Наступает зима. Откладывать больше нельзя.

Год — как старое мельничное колесо, оно вращается, и мелькают тяжелые лопасти. Иногда быстро, иногда не очень. Но его не остановишь.

Однажды утром снег сглаживает длинный пологий откос возле Зеленого дома. Первый снег в этом году. Ветер наметает снег тонким белым покрывалом или коротко, но энергично гонит его на все еще зеленые поля.

Адам знает: очень скоро найти еду и топливо, которых хватило бы на всю зиму, будет невозможно.

Фельдман появлялся еще пару раз.

Дисциплина в общине на улице Якуба, и без того слабая, улетучивается на глазах. Вылазки бригады по расчистке становятся все более случайными. Немецкое командование большую часть времени пьет и играет в карты. Добыть еду все труднее, а нужное количество угля или дров Фельдман взять не может — сразу заметят.
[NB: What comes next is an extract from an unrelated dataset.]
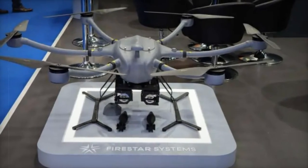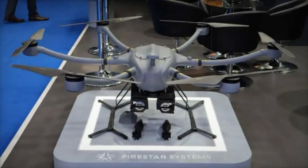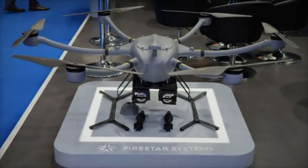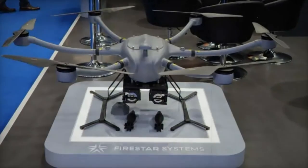At the World Defense Show 2024 (WDS 2024) in Saudi Arabia, the Turkish defense company Firestar Systems — a joint venture between Hydra Technologies and various Turkish industrial partners — presented the Huntsman surveillance and strike drone system. This system is designed to serve dual purposes: surveillance and precision striking, catering to the tactical needs of modern military operations.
Адам уже пошарил в старом сарае с инструментами и нашел два пустых мешка из-под дров. Там остался только кусок доски, но поодаль лежат отсыревшие мелкие опилки. Наверное, древесная труха с какой-нибудь пилорамы; подарок Фельдману. Он засовывает два пустых мешка под пальто и выходит в метель.

Адам рассчитывал, что снегопад будет недолгим. На это указывал ветер. Резкий, порывистый, жалящий лицо и руки.

Однако ветер улегся, а снегопад не прекращается. Напротив — он сделался еще гуще. Тишина. Адам идет через колоннаду густо валящего снега.

Он понимает, что следы на снегу могут выдать его, но он уже успел уйти далеко по Марысинской и возвращаться обидно.

Обязательно нужно добыть хоть что-нибудь. Иначе он просто зря растратит силы.

Он вспоминает прежние зимы в гетто. Едва выпадал первый снег, становилось слякотно и противно. Из-за старого пепла, фекалий и отбросов. Протоптанные людьми длинные колеи были как узкие черные коридоры в нерасчищенном снегу.

За завесой снегопада почти неправдоподобно бело, тихо и безветренно. Никаких следов.

Он идет, но как будто и не идет. Его словно несут или, точнее, поднимают, вверх сквозь все уплотняющиеся слои медленно падающего снега.

Главный угольный склад расположен на Спацеровой улице, почти на углу с Лагевницкой, в сотне метров от площади Балут.

Адам никогда еще не осмеливался подходить так близко к самому сердцу гетто.

Угольный склад всегда был одним из самых строго охраняемых мест. У входа день и ночь стояли еврейские полицейские. Стояли они и вдоль высокого забора, окружавшего склад; и позади склада тоже стояли — на случай, если кто-нибудь вздумает проникнуть туда с параллельной улицы, с северной стороны площади. Высокий забор все еще на месте, но ворота открыты, и охраны не видно.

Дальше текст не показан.